(Collection entries)
════════════════════

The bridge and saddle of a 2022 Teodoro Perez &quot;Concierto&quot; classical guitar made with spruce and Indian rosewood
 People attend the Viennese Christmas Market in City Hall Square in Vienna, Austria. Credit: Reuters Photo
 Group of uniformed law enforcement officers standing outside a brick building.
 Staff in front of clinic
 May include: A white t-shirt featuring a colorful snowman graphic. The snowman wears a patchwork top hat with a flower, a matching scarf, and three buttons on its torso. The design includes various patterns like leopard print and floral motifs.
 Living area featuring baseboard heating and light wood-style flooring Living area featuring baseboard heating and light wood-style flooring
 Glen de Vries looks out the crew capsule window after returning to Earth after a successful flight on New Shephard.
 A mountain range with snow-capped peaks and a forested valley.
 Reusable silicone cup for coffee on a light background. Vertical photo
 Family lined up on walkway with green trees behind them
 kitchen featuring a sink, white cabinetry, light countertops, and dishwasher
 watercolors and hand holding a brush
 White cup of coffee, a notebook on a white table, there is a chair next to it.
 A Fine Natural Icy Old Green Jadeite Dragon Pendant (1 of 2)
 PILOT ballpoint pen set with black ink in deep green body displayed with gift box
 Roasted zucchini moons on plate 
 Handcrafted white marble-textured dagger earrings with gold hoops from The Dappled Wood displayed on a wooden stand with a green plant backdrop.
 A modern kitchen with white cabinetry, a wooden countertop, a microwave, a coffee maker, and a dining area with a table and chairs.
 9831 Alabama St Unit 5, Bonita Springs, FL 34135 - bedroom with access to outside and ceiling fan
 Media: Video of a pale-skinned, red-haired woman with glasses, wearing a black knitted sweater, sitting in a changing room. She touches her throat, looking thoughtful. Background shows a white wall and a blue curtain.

════════════════════

Nothing in the entries above should differ when you return them in full.

> **EXERCISE OUTPUT**:
The bridge and saddle of a 2022 Teodoro Perez &quot;Concierto&quot; classical guitar made with spruce and Indian rosewood
 People attend the Viennese Christmas Market in City Hall Square in Vienna, Austria. Credit: Reuters Photo
 Group of uniformed law enforcement officers standing outside a brick building.
 Staff in front of clinic
 May include: A white t-shirt featuring a colorful snowman graphic. The snowman wears a patchwork top hat with a flower, a matching scarf, and three buttons on its torso. The design includes various patterns like leopard print and floral motifs.
 Living area featuring baseboard heating and light wood-style flooring Living area featuring baseboard heating and light wood-style flooring
 Glen de Vries looks out the crew capsule window after returning to Earth after a successful flight on New Shephard.
 A mountain range with snow-capped peaks and a forested valley.
 Reusable silicone cup for coffee on a light background. Vertical photo
 Family lined up on walkway with green trees behind them
 kitchen featuring a sink, white cabinetry, light countertops, and dishwasher
 watercolors and hand holding a brush
 White cup of coffee, a notebook on a white table, there is a chair next to it.
 A Fine Natural Icy Old Green Jadeite Dragon Pendant (1 of 2)
 PILOT ballpoint pen set with black ink in deep green body displayed with gift box
 Roasted zucchini moons on plate 
 Handcrafted white marble-textured dagger earrings with gold hoops from The Dappled Wood displayed on a wooden stand with a green plant backdrop.
 A modern kitchen with white cabinetry, a wooden countertop, a microwave, a coffee maker, and a dining area with a table and chairs.
 9831 Alabama St Unit 5, Bonita Springs, FL 34135 - bedroom with access to outside and ceiling fan
 Media: Video of a pale-skinned, red-haired woman with glasses, wearing a black knitted sweater, sitting in a changing room. She touches her throat, looking thoughtful. Background shows a white wall and a blue curtain.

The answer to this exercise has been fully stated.